Il tutto nella cornice dell’Unione politica: dare all’Ue una nuova Costituzione, scritta non più dai governi ma dal Parlamento, dopo ampie consultazioni.

Euroscettici, Le Pen e Salvini consolidano alleanza
Intanto, il neo-segretario della Lega Nord Matteo Salvini rafforza i legami con il Front National di Marine Le Pen: in un incontro a Strasburgo i due discutono “di piani e azioni congiunte in Italia e in Francia”. Salvini concretizza così intenzioni già manifestate.

A differenza delle altre formazioni politiche europee, gli euroscettici non si daranno un candidato alla presidenza della Commissione “perché – spiega Salvini – si tratta di un organo anti-democratico: l’unica istituzione che riconosciamo democratica è il Parlamento europeo”.
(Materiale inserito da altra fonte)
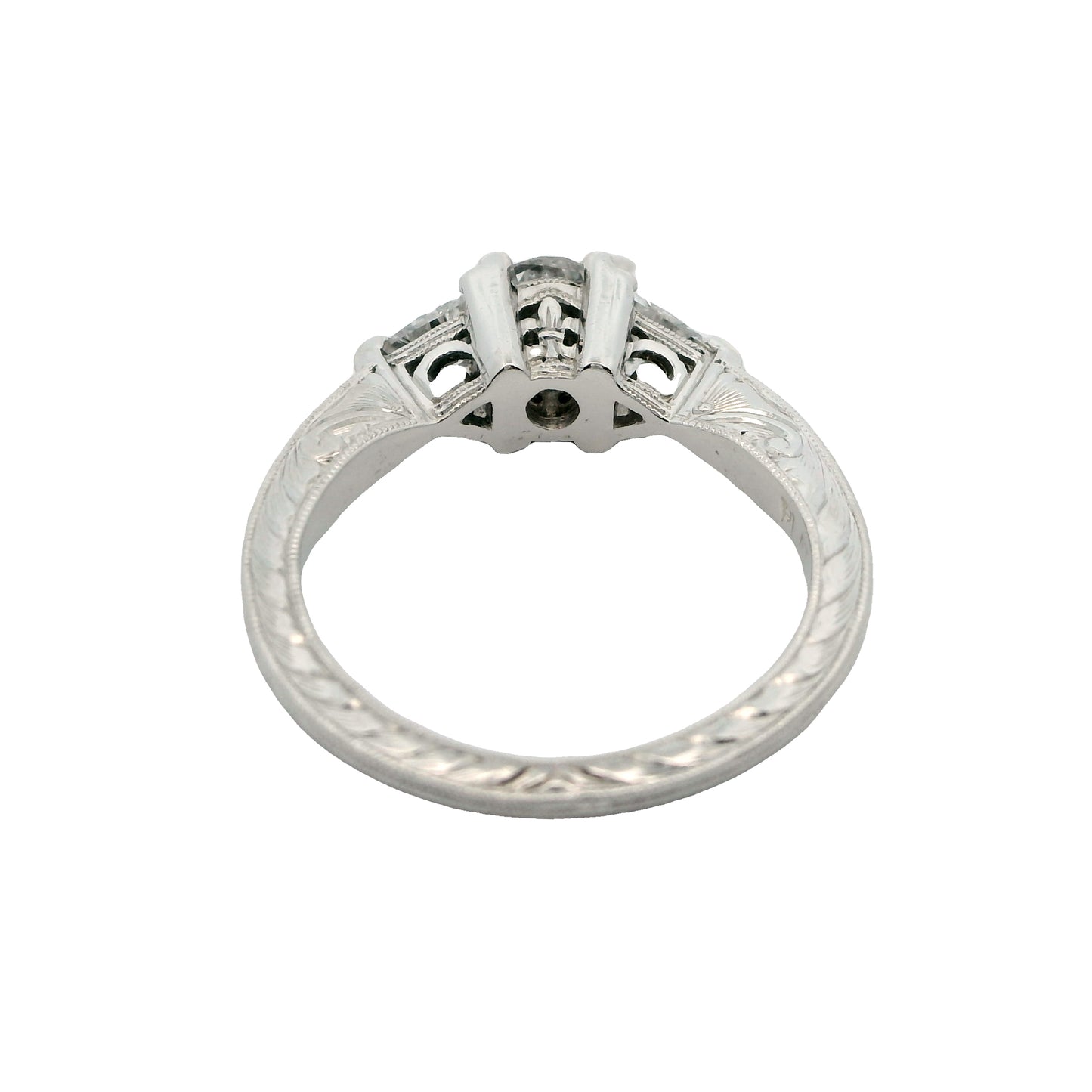 Tom Mathis Designs Fleur de Lis Platinum Diamond Engagement Ring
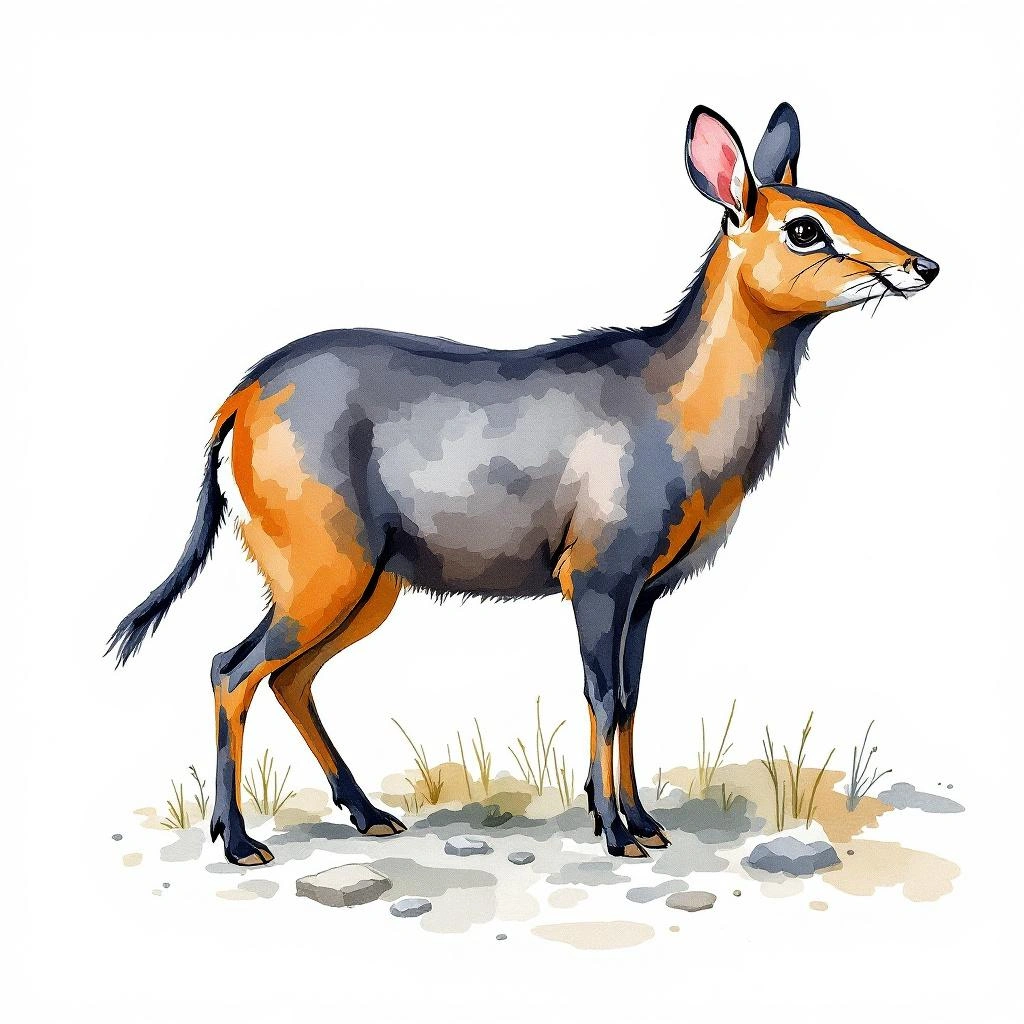 Watercolor illustration of Black Muntjac (Muntiacus crinifrons)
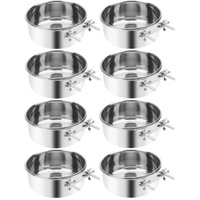 YES4PETS 8 X Pet Rabbit Bird Parrot Dog Cat Water Food Bowl Feeder Chicken Poultry Coop Cup 16cm Diameter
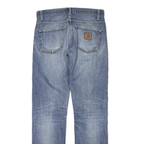 CARHARTT Mens Blue Regular Fit Straight Leg Denim Light W32 L34 Zip Jeans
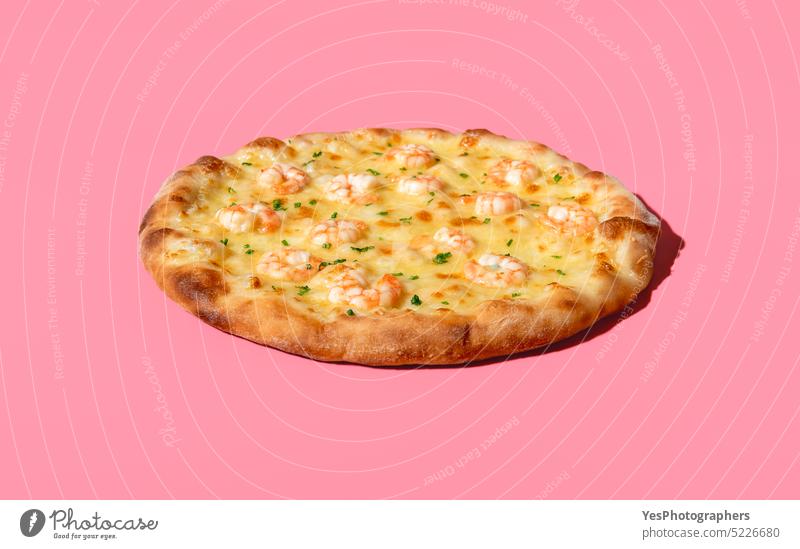 Shrimps pizza minimalist on a pink background. Homemade seafood pizza above baked bright cheese close up color cooked copy space crust cuisine delicious design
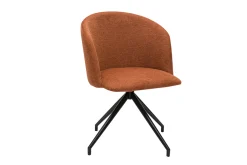 New Miliboo Silla de diseño giratoria 360° de terciopelo texturizado color terracota y metal negro VANITY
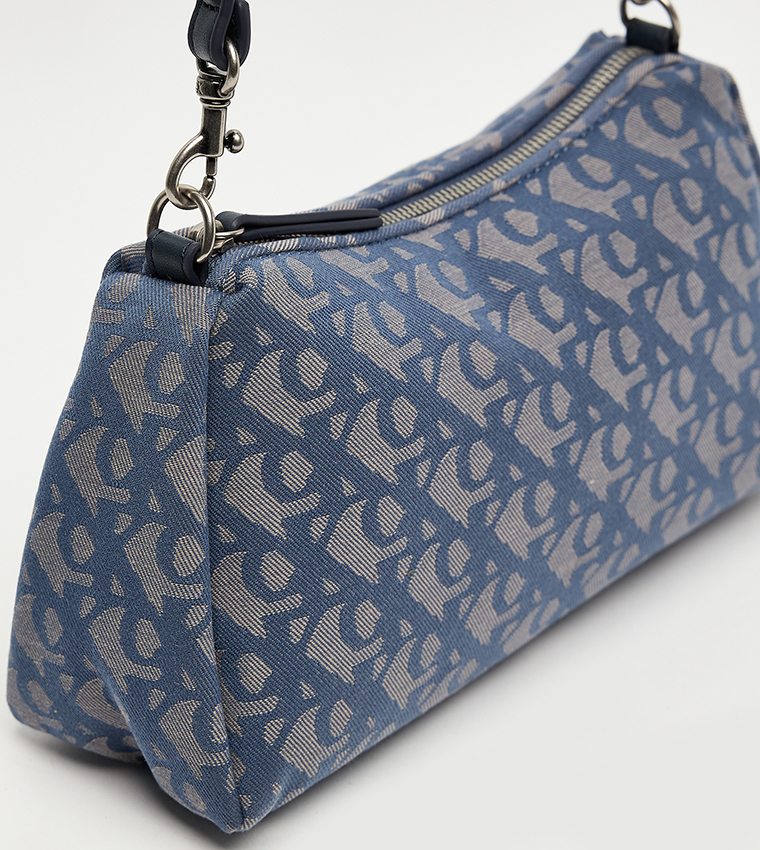 Monogram Printed Zippered Shoulder Bag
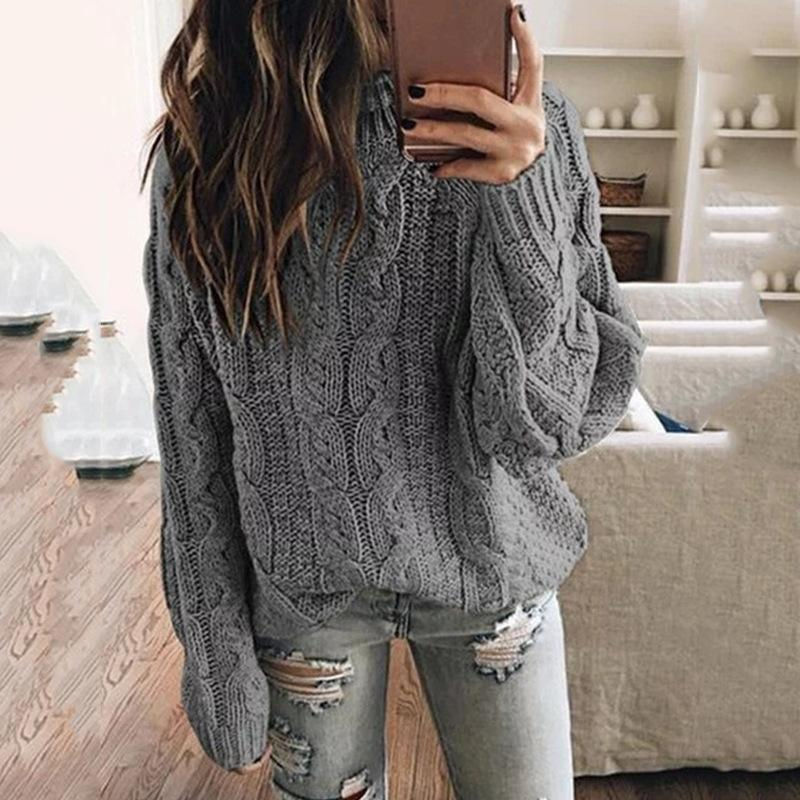 Thumbnail: Solid Color Women Knitted Pullover Sweater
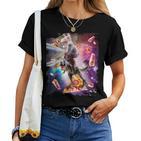 Laser Eyes Space Cat On Sloth Dinosaur Rainbow T-shirt Frauen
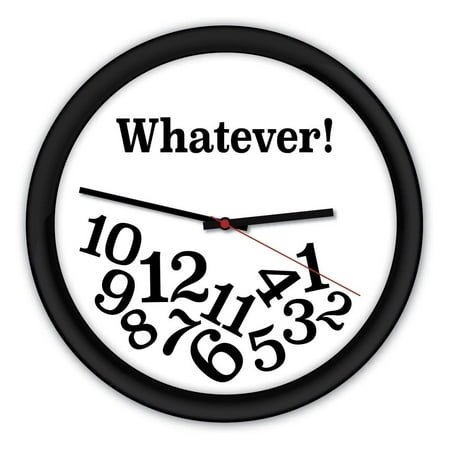 Funny Whatever Wall Clock - Black Room Decor Gift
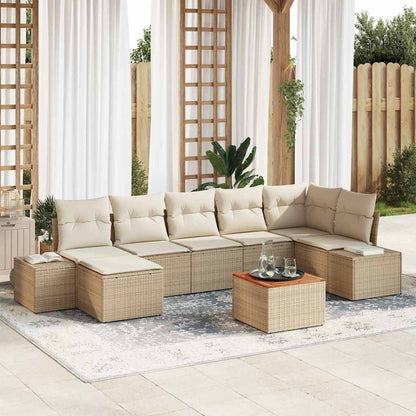 Gartensofa-set mit Kissen 8 pcs Beige Poly-Rattan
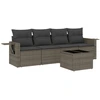 Image de vidaXL Ensemble de salon de jardin 5 pièces avec coussins Gris Poly rotin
La Le Pen indica le “inquietudini comuni” ai movimenti euroscettici: dalla battaglia contro l’euro all’immigrazione. “Non accettiamo l’immigrazione di massa, l’apertura delle frontiere generalizzata, l’arrivo massiccio di rom o di altri popoli che non possiamo più accogliere perché non ne abbiamo più i mezzi”.

Grillini, i sette punti
Pure Beppe Grillo prepara la campagna europea: un manifesto in sette punti e l’immagine di un Europarlamento “Grand Hotel … o sontuoso cimitero degli elefanti”.

In attesa delle consultazioni online, la bozza dei sette punti prevede il referendum per la permanenza nell’euro; l’abolizione del Patto di Bilancio; l’adozione degli eurobond; una alleanza mediterranea per una politica comune; l’esclusione dal limite del 3% di deficit degli investimenti in innovazione e per nuove attività produttive; finanziamenti per attività agricole finalizzate ai consumi interni; e l’abolizione del vincolo di pareggio di bilancio.

.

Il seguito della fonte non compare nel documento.